I have written before about the failure of the Left in general to campaign against the mass murder in Syria. There does seem to be a view in sections of the Left that military interventions in other countries are always wrong. However, if this is so, should we not condemn George Orwell and, for that matter, the International Brigades, for intervening militarily in the Spanish Civil War in the 1930s to fight fascism?
In more recent times, as many readers will remember, the Armed Forces Council inflicted a reign of terror in Sierra Leone in the 1990s. Thousands of civilians were killed and large numbers of amputations were conducted. Tony Blair’s Labour government sent a British force to bolster a UN operation that was on the point of losing control of Freetown to the various militias that controlled most of the country and had taken hundreds of peacekeepers hostage. There was no discernible strategic or commercial interest for Britain in this action and it was surely a (perhaps rare) case of Robin Cook’s ethical foreign policy being carried out in practice.
Arguably, UN-led military intervention in Bosnia, again in the 1990s, could have saved huge numbers of Muslim lives. In Srebrenica for example, 8,000 Muslims were murdered by Serb units under the command of Ratko Mladic and huge numbers of women and girls were raped. Readers may remember that Ken Livingstone called for troops to go in: “as many as it takes and for as long as it takes”.
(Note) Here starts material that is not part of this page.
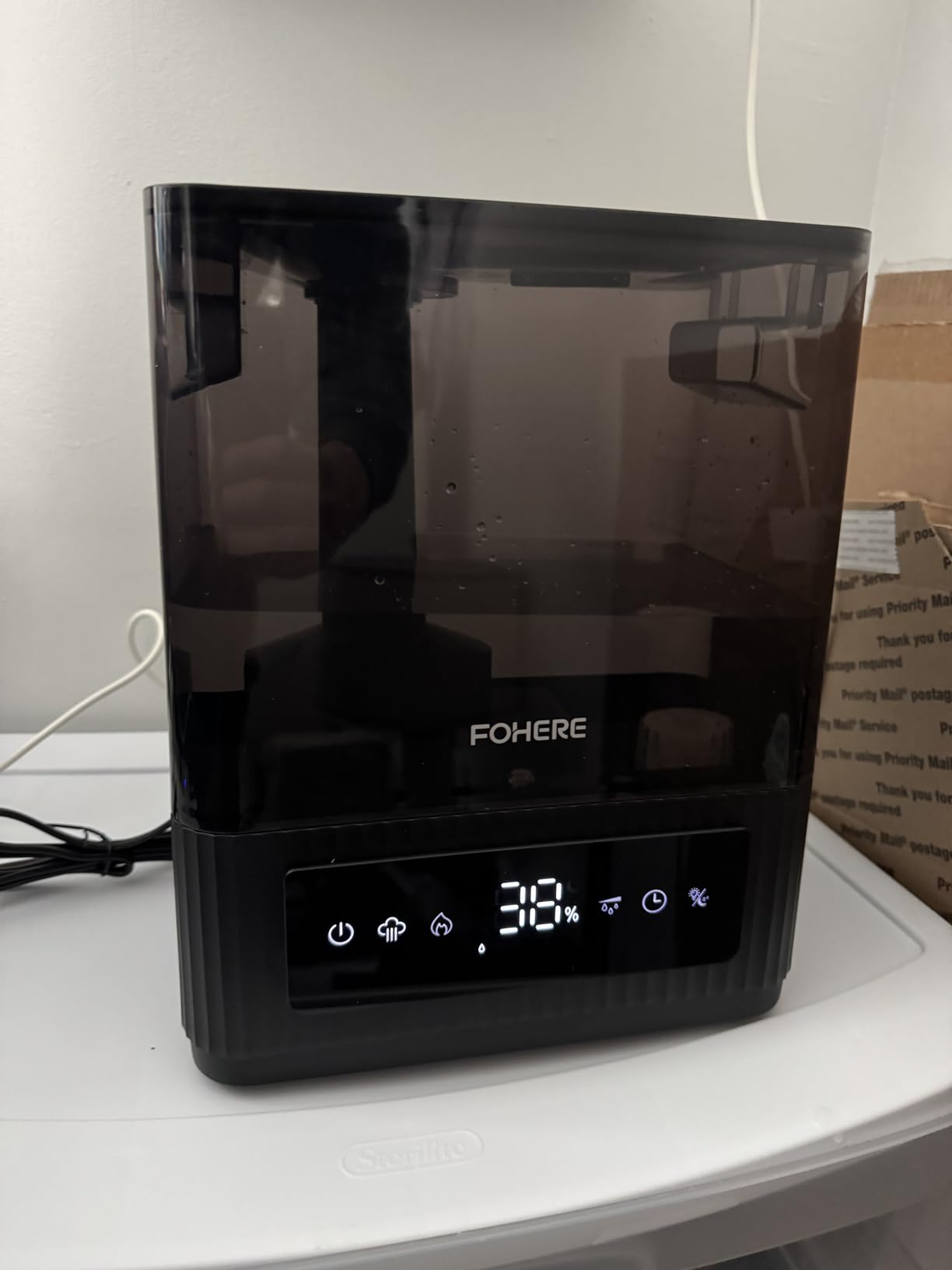 FOHERE Smart Humidifiers for Bedroom, 6L Warm and Cool Mist Quiet Humidifier with 60H Runtime, Humidity Control, Oil Diffuser, Sleep Mode, 12H Timer, Light, Top Fill Ultrasonic for Home Baby Plant - Customer Photo 1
In 1998, Yugoslav/Serbian forces attacked the Muslim population of Kosovo and initiated a programme of ethnic cleansing. Lessons had been learnt and NATO launched air strikes against Serbian military targets in March 1999. By June NATO and Yugoslavia had signed a peace treaty, resulting in the withdrawal of Yugoslav forces and the return of nearly one million ethnic Albanians and a further 500,000 people who had been expelled from Kosovo.
My conclusions are that, firstly, we on the Left should not only react when the US or Britain or Israel murder defenceless civilians. True internationalism is principled and must extend to all peoples, not a selected few.
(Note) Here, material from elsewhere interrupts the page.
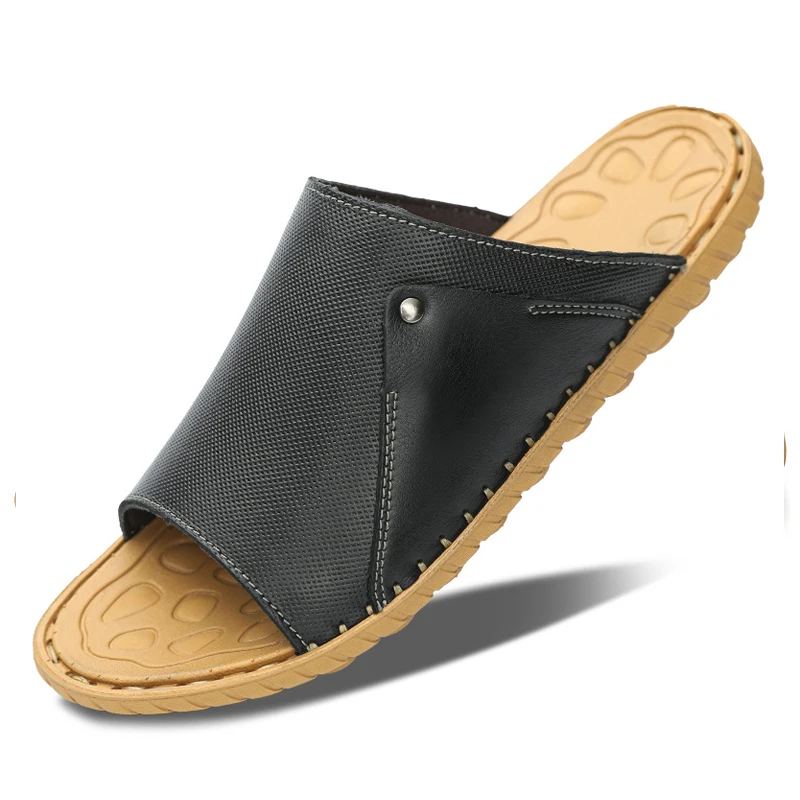 Кожаные женские повседневные слайды итальянские с пальмами новинка 2021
Secondly, every foreign intervention must be considered on its merits. In some cases, e.g. Iraq, they should be opposed with all guns blazing, metaphorically speaking. Where they have prevented massive bloodshed and had an apparently successful outcome they should surely be supported. There are also going to be cases, such as Libya, where the issues are far from clear-cut. Above all, we need to accept that the world is a complex place and all scenarios deserve a thoughtful and compassionate response, not a narrow sectarian outburst.